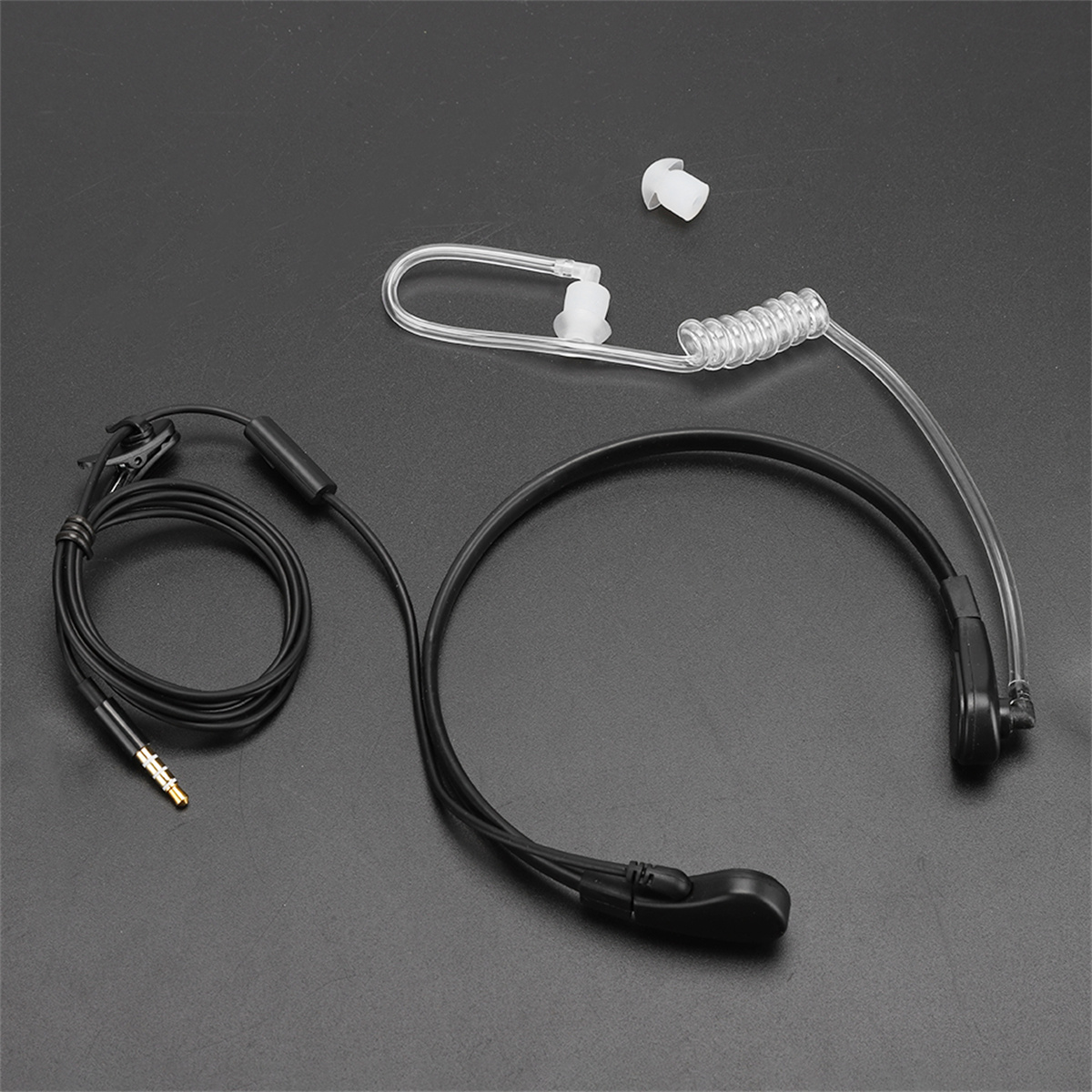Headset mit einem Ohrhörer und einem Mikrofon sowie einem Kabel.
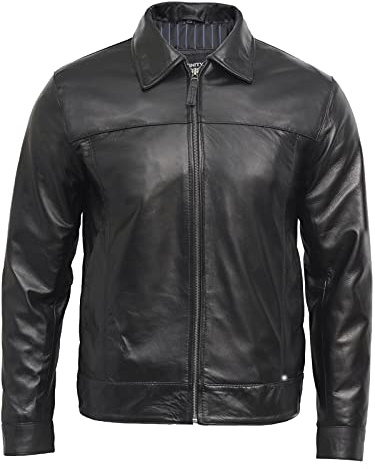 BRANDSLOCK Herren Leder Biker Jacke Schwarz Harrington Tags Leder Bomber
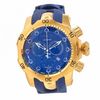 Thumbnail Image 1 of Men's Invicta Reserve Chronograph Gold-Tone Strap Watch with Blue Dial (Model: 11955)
== == ==
Strip out the pictures and quote the remaining data word for word.

▸ **ANSWER TO THE PROBLEM**
Headset mit einem Ohrhörer und einem Mikrofon sowie einem Kabel.
 BRANDSLOCK Herren Leder Biker Jacke Schwarz Harrington Tags Leder Bomber
 Thumbnail Image 1 of Men's Invicta Reserve Chronograph Gold-Tone Strap Watch with Blue Dial (Model: 11955)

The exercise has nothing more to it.